The tunnel is operated by Darko Technologies –, and since they were interested in seeing some race cars in the tunnel, and obviously we were interested in data, we worked out the details and finally got the car out there this past weekend.

The tunnel is a fixed-floor, open circuit, full-scale tunnel, with maximum wind speed of 60(?) mph. The whole day ran smoothly, and the tech was helpful and friendly. 

We showed up in the morning, unloaded, and rolled the car right in the tunnel. We spent some time getting the tunnel configured for the car (load cells and such for the measurements), and then spent our time working through a test plan that Zebulon put together. Zebulon used a cool boundary-layer control technique to help mitigate the ill-effects of the fixed floor, and a few other tricks from tunnel work they’ve done before, so it was really handy having somebody there that knew their biz.

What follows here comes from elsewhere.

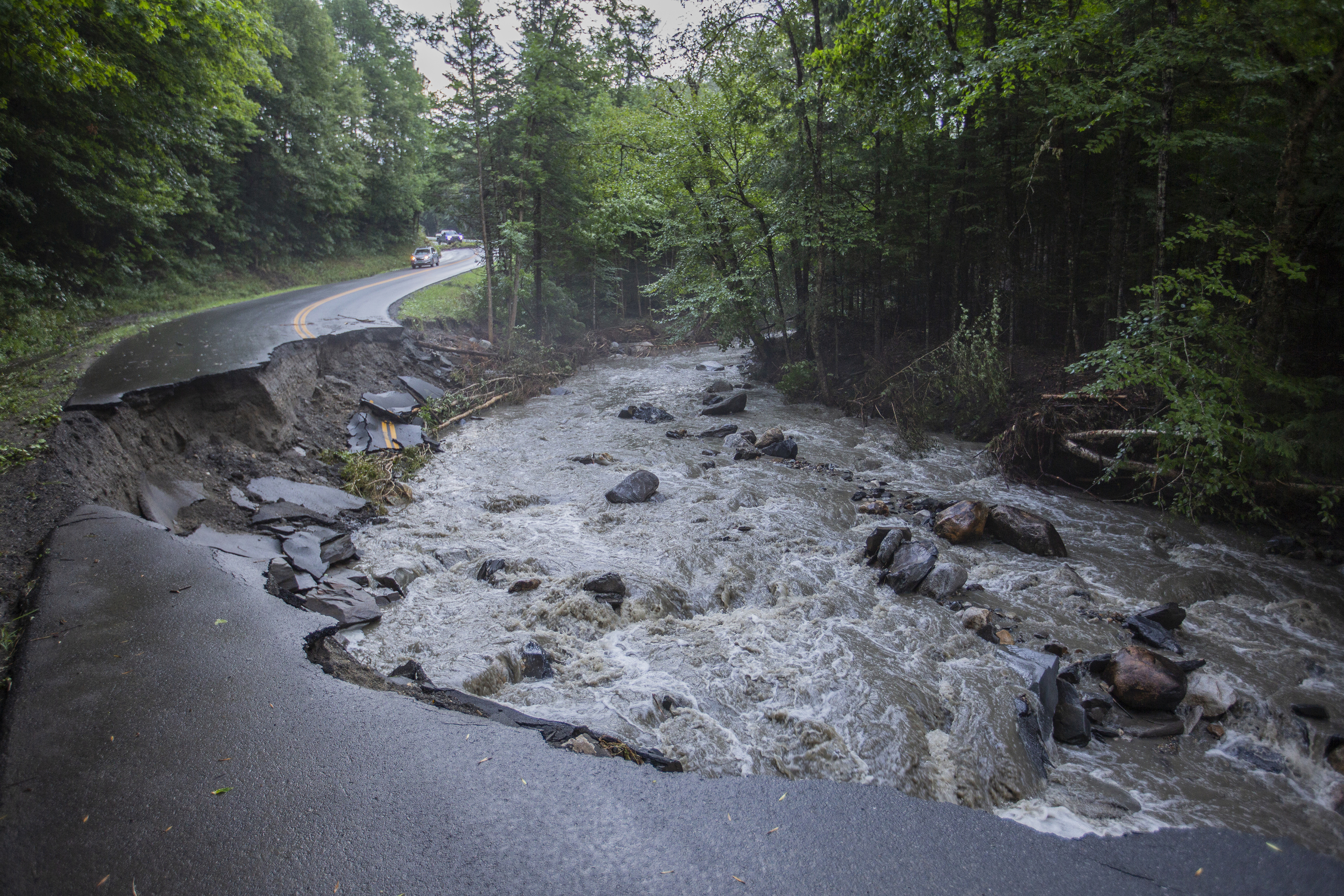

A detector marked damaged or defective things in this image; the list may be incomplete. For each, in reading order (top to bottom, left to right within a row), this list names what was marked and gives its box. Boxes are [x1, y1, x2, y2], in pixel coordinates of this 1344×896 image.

broken asphalt slab [5, 505, 1338, 896]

I have to say, it was an incredibly fun experience – and TOTALLY scratched the nerd/engineering itch! 

Each run was around 5 minutes long, as we would take 3 data points, each about 80 seconds apart, plus a few seconds to spin the fans up and down.

Ultimately we were able to answer the age-old question: “Does an F1000 generate enough downforce to drive upside down?”

The answer? No. Not even close. At least, not this one. But, it was surprisingly efficient in L/D – hats off to Jesse Brittsan/BRD’s bodywork on that one. Obviously rolling road and wheels would affect this number.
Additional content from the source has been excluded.